#### WORK TO COMPLETE
All lines with the word "Lane" in the material below are required.

*** Opening RECORDS FOR THIS EXERCISE ***

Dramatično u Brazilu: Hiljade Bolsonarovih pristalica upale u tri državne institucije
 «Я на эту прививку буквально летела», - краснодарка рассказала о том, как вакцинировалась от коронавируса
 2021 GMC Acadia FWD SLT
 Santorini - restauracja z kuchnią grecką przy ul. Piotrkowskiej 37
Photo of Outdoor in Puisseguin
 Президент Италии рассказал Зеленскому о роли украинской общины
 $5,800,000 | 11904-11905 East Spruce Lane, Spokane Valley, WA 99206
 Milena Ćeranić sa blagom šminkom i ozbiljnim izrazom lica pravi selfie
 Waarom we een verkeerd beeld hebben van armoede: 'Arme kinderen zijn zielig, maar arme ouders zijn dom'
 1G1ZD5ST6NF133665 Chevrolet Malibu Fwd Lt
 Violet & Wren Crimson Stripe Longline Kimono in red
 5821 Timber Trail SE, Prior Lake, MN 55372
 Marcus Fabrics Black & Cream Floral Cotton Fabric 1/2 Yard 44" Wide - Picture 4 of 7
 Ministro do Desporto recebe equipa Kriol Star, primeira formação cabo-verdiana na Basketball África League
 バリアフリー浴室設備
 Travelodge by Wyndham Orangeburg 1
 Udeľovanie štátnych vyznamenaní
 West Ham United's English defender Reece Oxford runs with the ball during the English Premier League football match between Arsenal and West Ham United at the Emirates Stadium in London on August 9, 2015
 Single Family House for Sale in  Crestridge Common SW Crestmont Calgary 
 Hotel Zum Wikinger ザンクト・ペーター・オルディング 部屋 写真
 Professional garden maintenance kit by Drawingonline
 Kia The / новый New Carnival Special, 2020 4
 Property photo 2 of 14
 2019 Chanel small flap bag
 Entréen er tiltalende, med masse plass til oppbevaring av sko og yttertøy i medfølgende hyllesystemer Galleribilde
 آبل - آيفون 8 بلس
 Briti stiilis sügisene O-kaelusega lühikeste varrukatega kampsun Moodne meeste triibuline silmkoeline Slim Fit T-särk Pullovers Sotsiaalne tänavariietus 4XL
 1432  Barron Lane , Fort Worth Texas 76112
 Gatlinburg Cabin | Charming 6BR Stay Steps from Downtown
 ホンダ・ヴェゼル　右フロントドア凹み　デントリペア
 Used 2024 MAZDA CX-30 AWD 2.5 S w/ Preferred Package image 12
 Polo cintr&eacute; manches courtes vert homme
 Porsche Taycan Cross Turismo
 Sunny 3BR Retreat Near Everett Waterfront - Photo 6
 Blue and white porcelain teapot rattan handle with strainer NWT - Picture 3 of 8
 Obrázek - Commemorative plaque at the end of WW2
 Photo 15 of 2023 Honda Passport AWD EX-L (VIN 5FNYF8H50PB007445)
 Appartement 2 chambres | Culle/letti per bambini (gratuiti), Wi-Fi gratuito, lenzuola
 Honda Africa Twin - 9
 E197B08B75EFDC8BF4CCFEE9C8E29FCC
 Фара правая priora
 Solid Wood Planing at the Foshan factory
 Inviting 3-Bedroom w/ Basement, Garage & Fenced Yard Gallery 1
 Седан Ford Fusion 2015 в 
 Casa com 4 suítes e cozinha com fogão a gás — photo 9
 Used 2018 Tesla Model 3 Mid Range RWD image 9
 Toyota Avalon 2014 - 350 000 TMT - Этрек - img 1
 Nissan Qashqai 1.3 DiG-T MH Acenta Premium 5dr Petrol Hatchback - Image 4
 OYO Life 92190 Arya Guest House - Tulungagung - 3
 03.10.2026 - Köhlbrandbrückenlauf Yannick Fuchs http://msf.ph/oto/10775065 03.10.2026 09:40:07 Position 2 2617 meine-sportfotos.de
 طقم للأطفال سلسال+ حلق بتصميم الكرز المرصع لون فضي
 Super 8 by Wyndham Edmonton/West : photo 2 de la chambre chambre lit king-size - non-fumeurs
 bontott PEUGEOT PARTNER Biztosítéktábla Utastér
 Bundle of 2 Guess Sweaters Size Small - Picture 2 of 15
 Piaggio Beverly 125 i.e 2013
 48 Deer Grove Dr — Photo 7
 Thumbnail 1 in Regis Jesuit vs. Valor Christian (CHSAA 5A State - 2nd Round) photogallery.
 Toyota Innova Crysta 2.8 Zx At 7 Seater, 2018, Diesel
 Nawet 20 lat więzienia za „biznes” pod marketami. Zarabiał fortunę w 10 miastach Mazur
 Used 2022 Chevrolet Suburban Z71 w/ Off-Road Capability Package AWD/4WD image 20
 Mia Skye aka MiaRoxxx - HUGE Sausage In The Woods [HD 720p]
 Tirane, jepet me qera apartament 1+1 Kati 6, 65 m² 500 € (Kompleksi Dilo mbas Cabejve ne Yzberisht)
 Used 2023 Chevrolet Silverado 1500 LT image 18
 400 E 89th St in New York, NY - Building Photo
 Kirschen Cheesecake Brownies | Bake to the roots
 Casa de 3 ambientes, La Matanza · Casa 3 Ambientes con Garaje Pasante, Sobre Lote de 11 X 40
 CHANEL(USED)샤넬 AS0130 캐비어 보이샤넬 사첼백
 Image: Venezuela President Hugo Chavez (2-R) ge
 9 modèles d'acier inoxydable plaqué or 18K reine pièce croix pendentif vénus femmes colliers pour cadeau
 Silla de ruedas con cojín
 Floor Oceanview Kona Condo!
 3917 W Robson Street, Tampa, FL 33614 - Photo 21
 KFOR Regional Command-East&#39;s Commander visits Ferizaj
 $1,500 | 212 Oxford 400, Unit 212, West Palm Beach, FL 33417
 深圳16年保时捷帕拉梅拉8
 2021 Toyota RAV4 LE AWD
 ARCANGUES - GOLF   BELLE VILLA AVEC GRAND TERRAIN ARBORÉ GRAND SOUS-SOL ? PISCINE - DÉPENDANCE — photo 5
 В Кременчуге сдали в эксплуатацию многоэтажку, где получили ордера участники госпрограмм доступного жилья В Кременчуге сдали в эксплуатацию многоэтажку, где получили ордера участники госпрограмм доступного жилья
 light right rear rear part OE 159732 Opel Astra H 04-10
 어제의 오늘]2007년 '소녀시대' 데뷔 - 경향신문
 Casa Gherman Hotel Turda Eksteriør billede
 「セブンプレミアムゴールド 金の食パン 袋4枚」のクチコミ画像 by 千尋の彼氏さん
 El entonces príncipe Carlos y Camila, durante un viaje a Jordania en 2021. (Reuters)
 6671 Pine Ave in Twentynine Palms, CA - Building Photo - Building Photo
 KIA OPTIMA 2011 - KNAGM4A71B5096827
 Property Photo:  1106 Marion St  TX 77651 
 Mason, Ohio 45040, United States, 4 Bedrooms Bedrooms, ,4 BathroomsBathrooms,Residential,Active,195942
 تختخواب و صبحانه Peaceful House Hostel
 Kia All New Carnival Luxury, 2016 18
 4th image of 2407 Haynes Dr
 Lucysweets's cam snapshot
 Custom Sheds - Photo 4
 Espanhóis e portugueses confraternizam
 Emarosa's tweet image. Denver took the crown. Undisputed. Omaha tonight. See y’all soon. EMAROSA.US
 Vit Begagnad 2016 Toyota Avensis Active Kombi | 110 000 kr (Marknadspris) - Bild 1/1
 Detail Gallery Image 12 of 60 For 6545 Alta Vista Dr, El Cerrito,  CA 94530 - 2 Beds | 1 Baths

*** Closing RECORDS FOR THIS EXERCISE ***

#### SOLUTION TO THIS TASK
 $5,800,000 | 11904-11905 East Spruce Lane, Spokane Valley, WA 99206
 1432  Barron Lane , Fort Worth Texas 76112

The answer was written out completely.